BOULDER, Colo. --  For the past five days, environmental activist students have been staging a sit-in at the University of Colorado campus in Boulder.

On Tuesday, there a bit of success when they got a meeting with chancellor Philip DiStefano.

But what thrust their fight into the headlines was a poster banning reporters from the building. It was placed outside the room where students are staying around the clock.

“It’s absolutely appalling. We've been told since Day 1 that reporters are not allowed in the building,” a protester said.

The pictures are on what appears to be a most-wanted poster showing photos of a Boulder Daily Camera reporter and photographers.

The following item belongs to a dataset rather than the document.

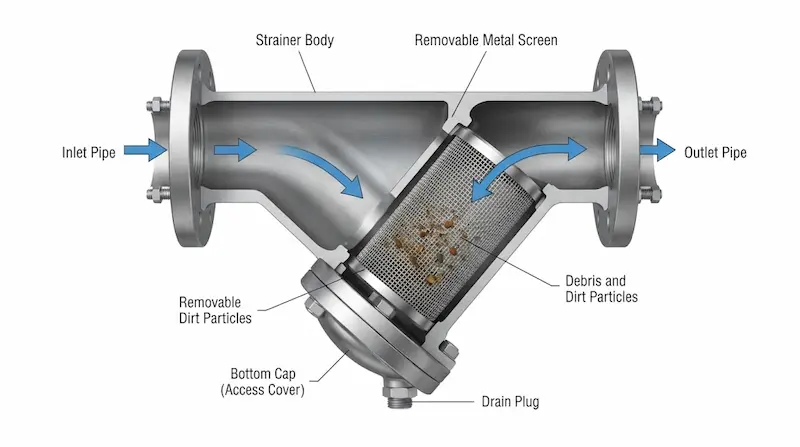 Nguyên lý hoạt động của water strainer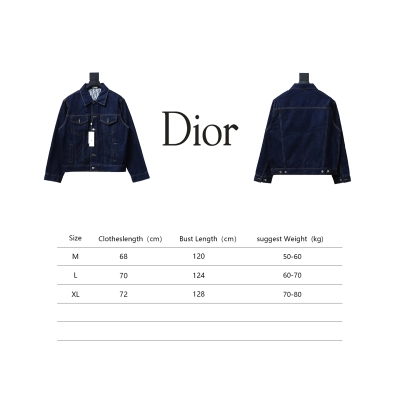 Dior Presbyopia Printed Denim Jacket 02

Underneath the photos are big letters that read, “Not allowed in the building.”

Reporter Elizabeth Hernandez said she had been banned from a private building on campus. It was not good news for the group Fossil Free CU, which had been asking to meet with DiStefano.

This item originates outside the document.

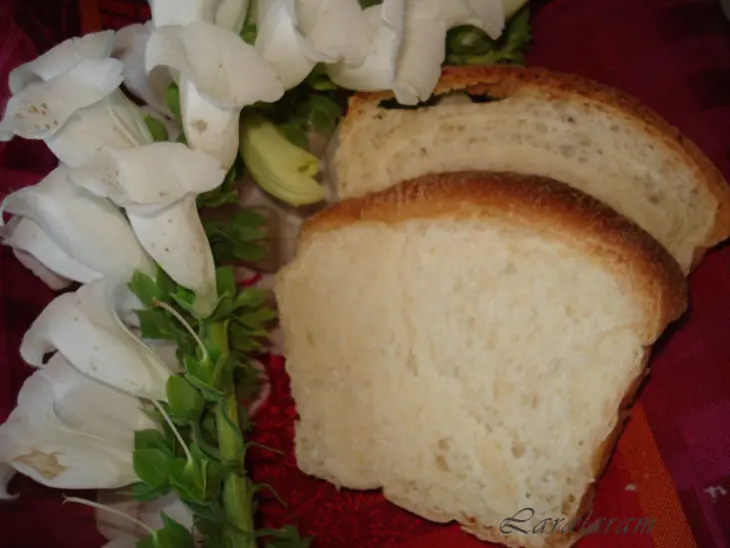 Хлеб тостовый "облачко"  // cream cheese bread: шаг 14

"And in this fight the stakes are so high," a protester said. "This is about our future. We know that suppressing student voices is not what this university stands behind.”

The group wants CU to divest from corporations that profit from fossil fuels. Banning the media made things more interesting.

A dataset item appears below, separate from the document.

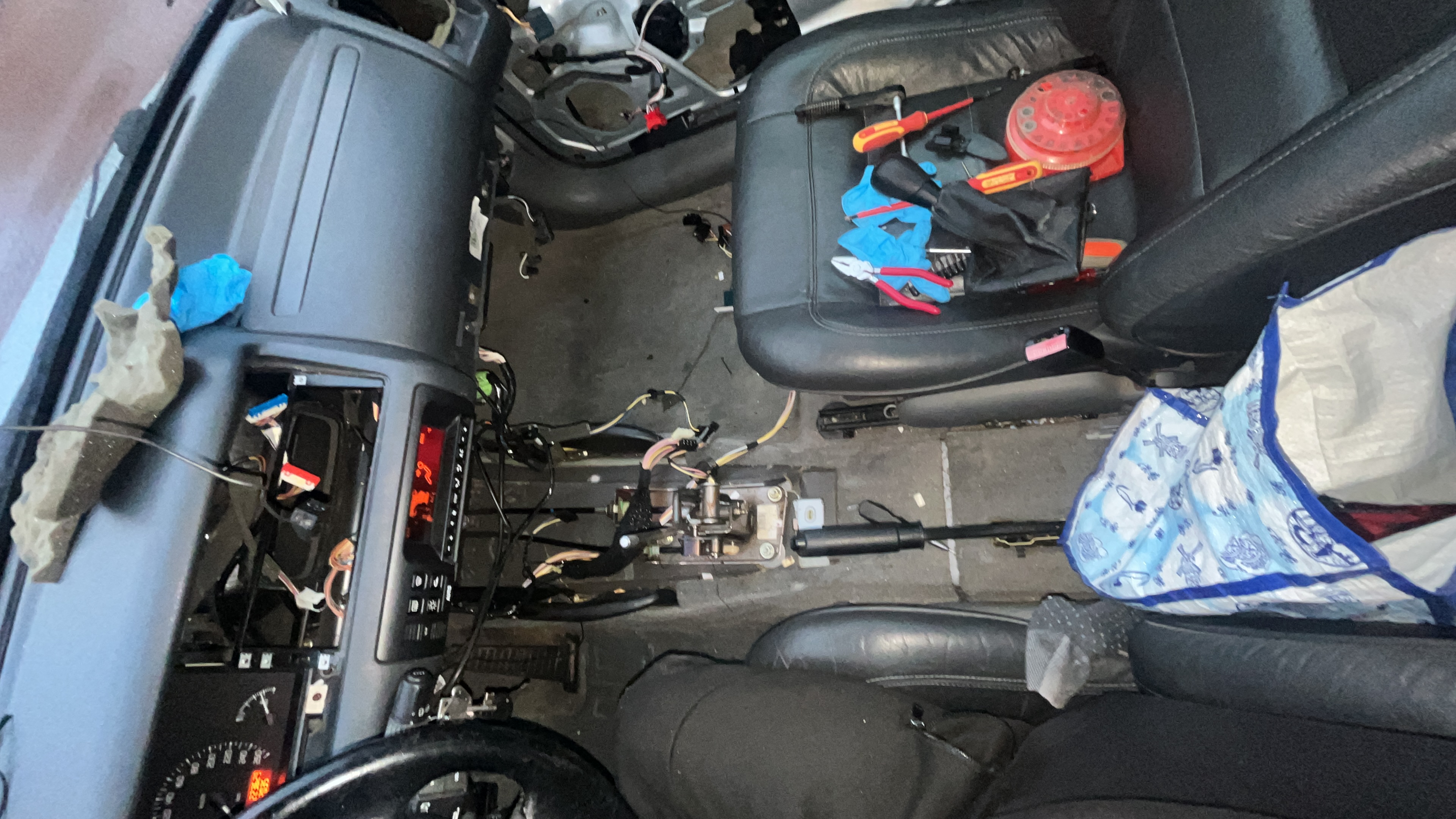 Achterbank+leuningen los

“Bottom line, it was not authorized," CU spokesman Ryan Huff said. "It’s unfortunate and we apologized to them because that should not have happened.”

CU said the chancellor's office is in a private building and an independent security guard posted the flier without the university's permission.

Huff said there was a misunderstanding between the university and the private security company.

"This is on us and we’re sorry for the way this occurred," Huff said.